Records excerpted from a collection

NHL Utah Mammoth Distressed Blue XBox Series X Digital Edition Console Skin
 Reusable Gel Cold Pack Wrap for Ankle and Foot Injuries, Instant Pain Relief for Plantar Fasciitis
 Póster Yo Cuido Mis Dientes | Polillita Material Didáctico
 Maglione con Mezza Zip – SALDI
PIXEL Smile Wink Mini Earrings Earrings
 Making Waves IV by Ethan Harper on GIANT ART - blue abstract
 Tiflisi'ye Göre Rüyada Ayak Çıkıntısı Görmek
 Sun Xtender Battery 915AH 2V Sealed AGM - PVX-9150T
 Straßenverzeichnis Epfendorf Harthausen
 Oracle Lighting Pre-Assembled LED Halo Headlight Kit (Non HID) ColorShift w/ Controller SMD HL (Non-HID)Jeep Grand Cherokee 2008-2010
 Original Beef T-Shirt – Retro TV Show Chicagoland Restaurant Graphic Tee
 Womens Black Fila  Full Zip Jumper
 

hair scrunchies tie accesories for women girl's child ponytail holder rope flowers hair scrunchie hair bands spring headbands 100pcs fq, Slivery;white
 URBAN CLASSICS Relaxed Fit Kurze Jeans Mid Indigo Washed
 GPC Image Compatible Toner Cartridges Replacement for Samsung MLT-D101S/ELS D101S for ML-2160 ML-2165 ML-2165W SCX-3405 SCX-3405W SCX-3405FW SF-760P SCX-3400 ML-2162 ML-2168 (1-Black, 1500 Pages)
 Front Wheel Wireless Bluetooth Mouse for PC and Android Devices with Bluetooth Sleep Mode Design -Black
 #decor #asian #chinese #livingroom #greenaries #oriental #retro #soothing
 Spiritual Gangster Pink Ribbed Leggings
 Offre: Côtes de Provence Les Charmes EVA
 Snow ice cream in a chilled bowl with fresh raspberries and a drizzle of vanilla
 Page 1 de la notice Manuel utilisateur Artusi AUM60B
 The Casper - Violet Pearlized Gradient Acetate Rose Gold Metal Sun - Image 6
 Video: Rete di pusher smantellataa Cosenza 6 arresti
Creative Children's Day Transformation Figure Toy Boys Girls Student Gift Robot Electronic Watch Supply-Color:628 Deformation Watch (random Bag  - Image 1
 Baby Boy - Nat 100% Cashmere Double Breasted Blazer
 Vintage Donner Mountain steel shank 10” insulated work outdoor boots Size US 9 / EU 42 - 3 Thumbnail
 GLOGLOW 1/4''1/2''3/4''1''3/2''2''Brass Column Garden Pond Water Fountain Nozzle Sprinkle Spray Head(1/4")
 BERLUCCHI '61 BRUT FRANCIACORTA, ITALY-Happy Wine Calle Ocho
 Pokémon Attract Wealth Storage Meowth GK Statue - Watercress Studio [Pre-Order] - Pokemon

Exercise
In the entries above, find the line with "Spiritual Gangster Pink Ribbed Leggings", then retype it and every line after it exactly.

Response to the task
 Spiritual Gangster Pink Ribbed Leggings
 Offre: Côtes de Provence Les Charmes EVA
 Snow ice cream in a chilled bowl with fresh raspberries and a drizzle of vanilla
 Page 1 de la notice Manuel utilisateur Artusi AUM60B
 The Casper - Violet Pearlized Gradient Acetate Rose Gold Metal Sun - Image 6
 Video: Rete di pusher smantellataa Cosenza 6 arresti
Creative Children's Day Transformation Figure Toy Boys Girls Student Gift Robot Electronic Watch Supply-Color:628 Deformation Watch (random Bag  - Image 1
 Baby Boy - Nat 100% Cashmere Double Breasted Blazer
 Vintage Donner Mountain steel shank 10” insulated work outdoor boots Size US 9 / EU 42 - 3 Thumbnail
 GLOGLOW 1/4''1/2''3/4''1''3/2''2''Brass Column Garden Pond Water Fountain Nozzle Sprinkle Spray Head(1/4")
 BERLUCCHI '61 BRUT FRANCIACORTA, ITALY-Happy Wine Calle Ocho
 Pokémon Attract Wealth Storage Meowth GK Statue - Watercress Studio [Pre-Order] - Pokemon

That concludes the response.